Le 22 décembre, près de vingt jours après les premiers rappels, le pôle santé publique du parquet de Paris a donc ouvert une enquête préliminaire pour « blessures involontaires », « mise en danger de la vie d’autrui » et « tromperie aggravée par le danger pour la santé humaine ». Les investigations ont été confiées aux gendarmes de la section de recherche d’Angers (Maine-et-Loire) et à l’Office central de lutte contre les atteintes à l’environnement et à la santé publique (Oclaesp).

Sur RMC, mercredi matin, Quentin Guillemain, dont la fille de 3 mois a consommé du lait contaminé et qui a monté une association de familles de victimes, a dit être « satisfait » de l’ouverture de cette enquête.

« On va peut-être savoir ce qui s’est passé dans cette usine. Comment, quand, où… Il est temps qu’une enquête soit ouverte. »

M. Guillemain avait déposé une plainte à la mi-décembre auprès du pôle santé publique du parquet de Paris pour « mise en danger de la vie d’autrui » et « non-assistance à personne en danger » contre Lactalis et la pharmacie où il avait acheté le lait. La semaine dernière, l’association de consommateurs UFC-Que Choisir avait également annoncé son intention de déposer une plainte contre le groupe laitier implanté à Laval.

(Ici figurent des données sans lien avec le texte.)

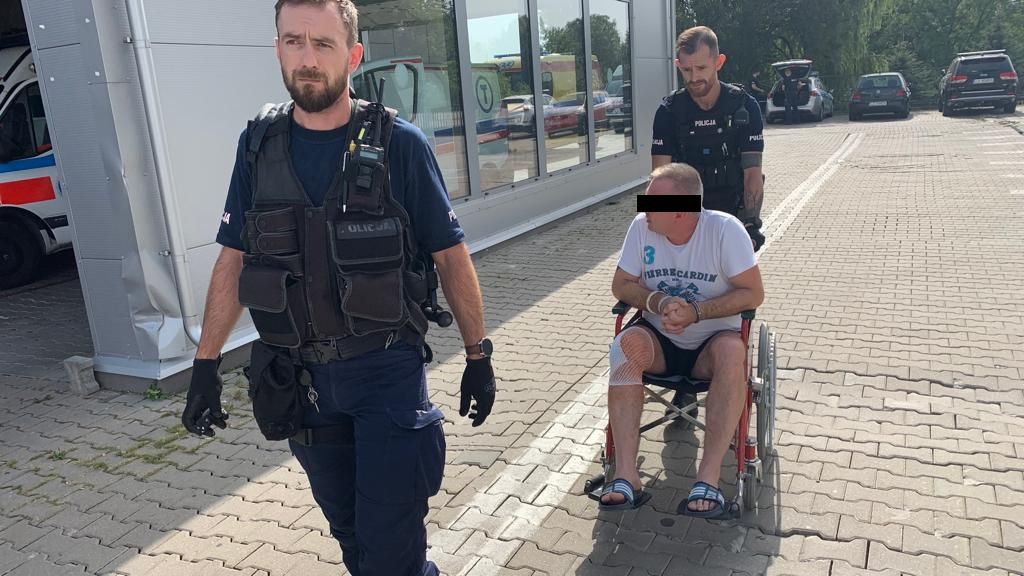 Zazdrosny 52-latek postrzelił się w kolano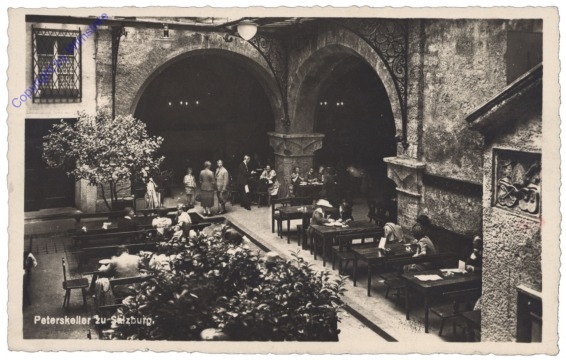 ak120968 Salzburg, Peterskeller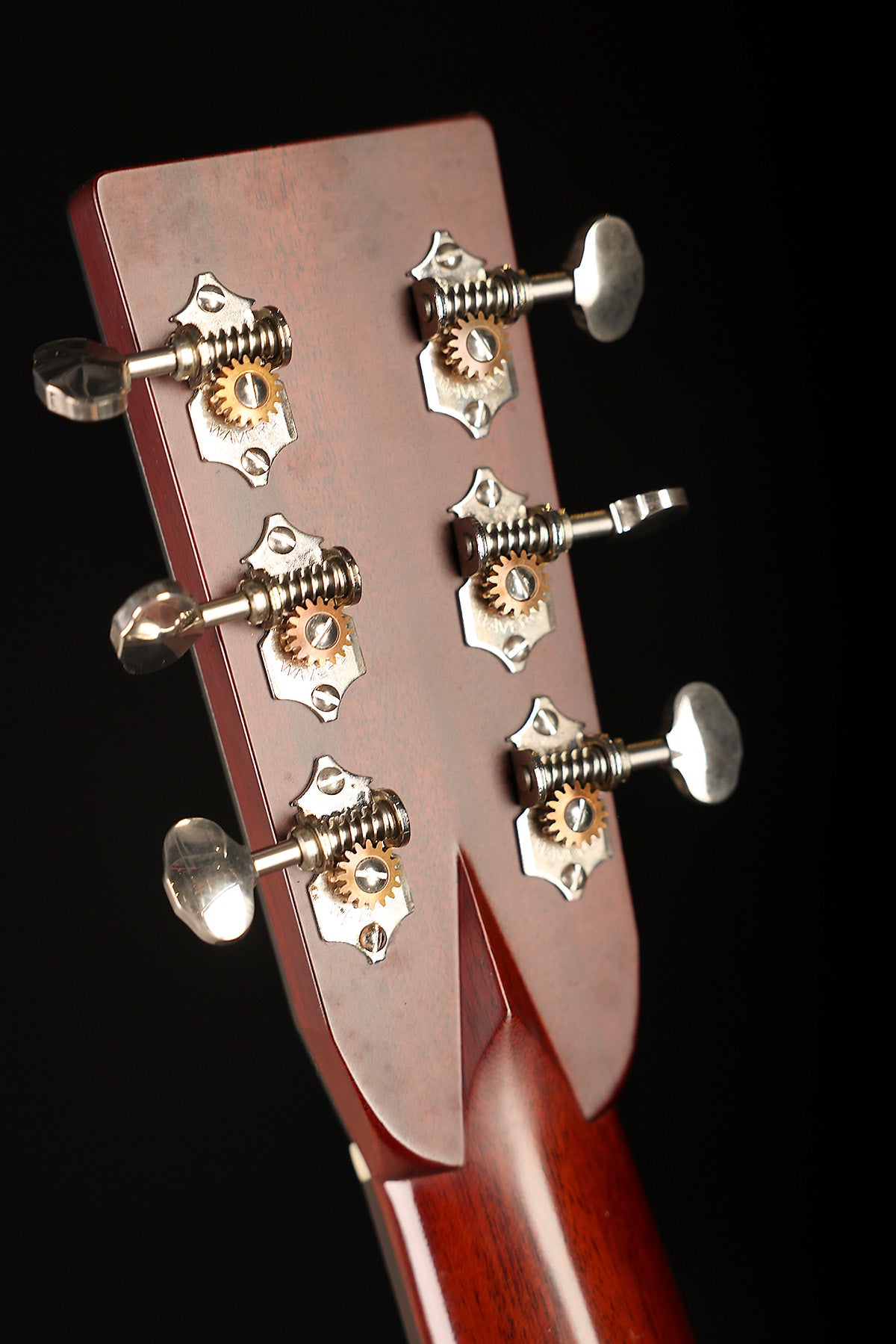 Santa Cruz OM 'Tunnel 13 Redwood / Indian Rosewood' Preowned 2021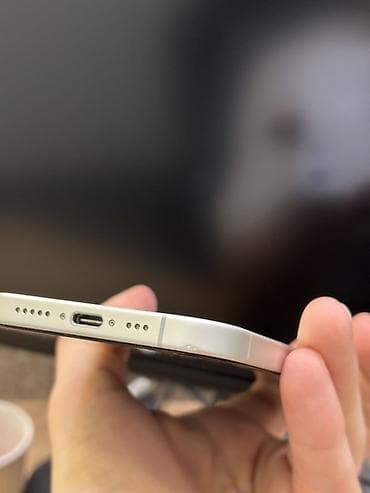 iphone 7 silver: IPhone 17, 6.3", белый - Корпус: алюминиевые грани, задняя панель — 5
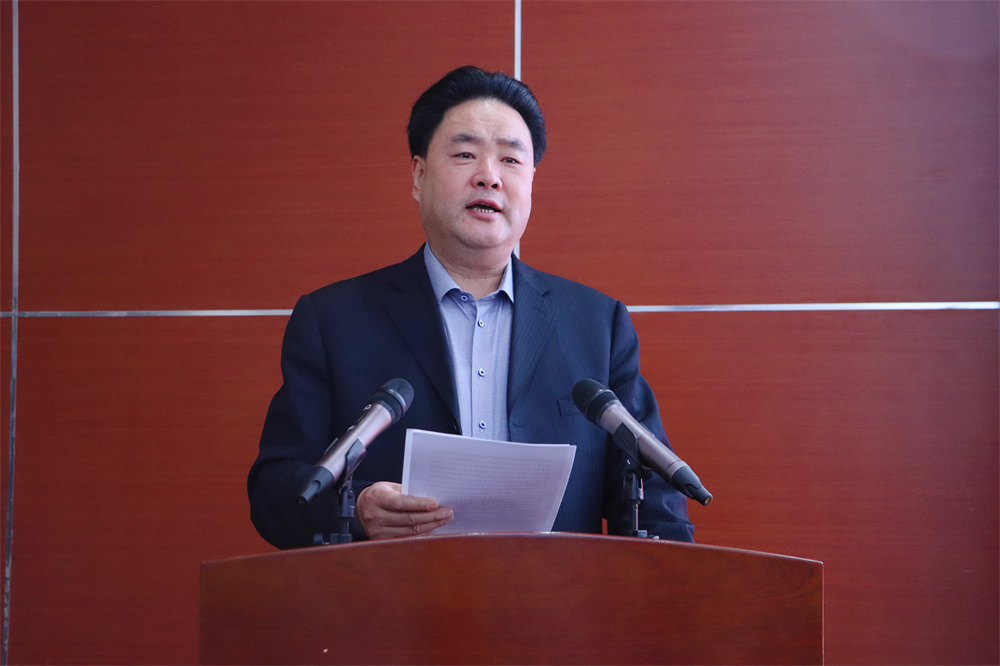 1679277425870977.jpg 闫鹏勋.jpg
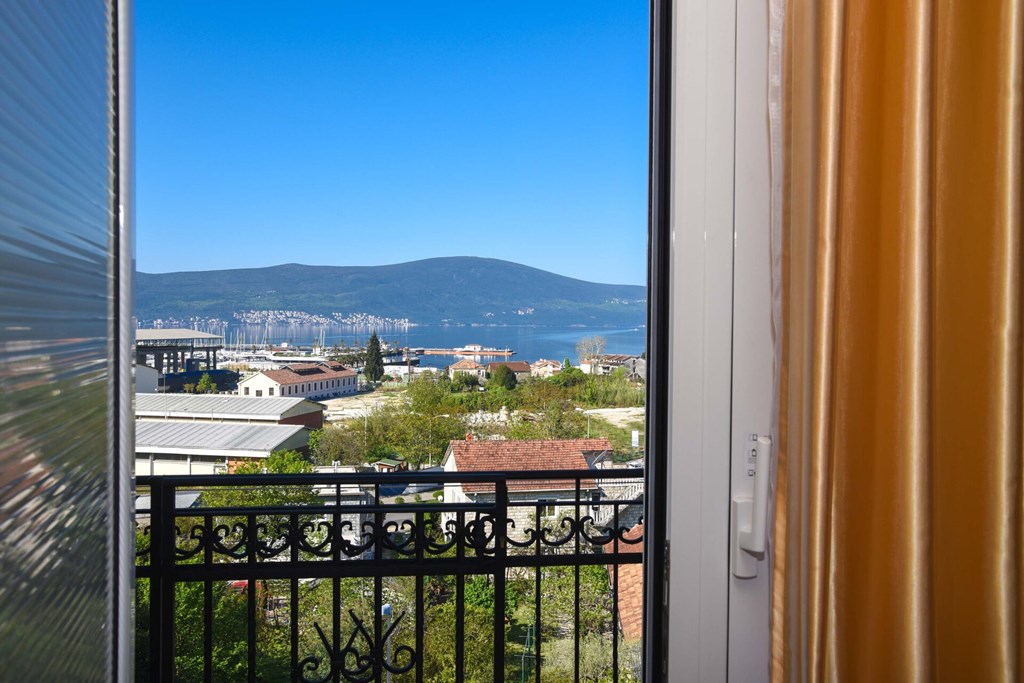 D&D Apartments Tivat: Room APARTMENT SEA VIEW TWO BEDROOMS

  • L’usine de Craon à l’arrêt

Rapidement après l’annonce des premiers rappels de lots de laits infantiles, Lactalis a reconnu qu’une « contamination dispersée s’est installée dans [l’]usine de Craon suite à des travaux réalisés courant premier semestre 2017 ». La production de l’usine mayennaise a été arrêtée le 8 décembre pour un grand nettoyage des installations. Et un arrêté préfectoral, pris le 9 décembre, conditionne le redémarrage de l’activité à la mise en place de mesures correctives.

Mais l’usine ne devrait pas redémarrer avant février 2018, et une partie de ses 350 salariés pourrait être mise au chômage technique. En 2005, déjà, un an avant le rachat par Lactalis, l’usine de Craon avait été contaminée par de la salmonelle. Une contamination similaire, mais à moindre échelle, avait affecté, à l’époque, trente-cinq enfants nourris avec du lait infantile de marque Picot.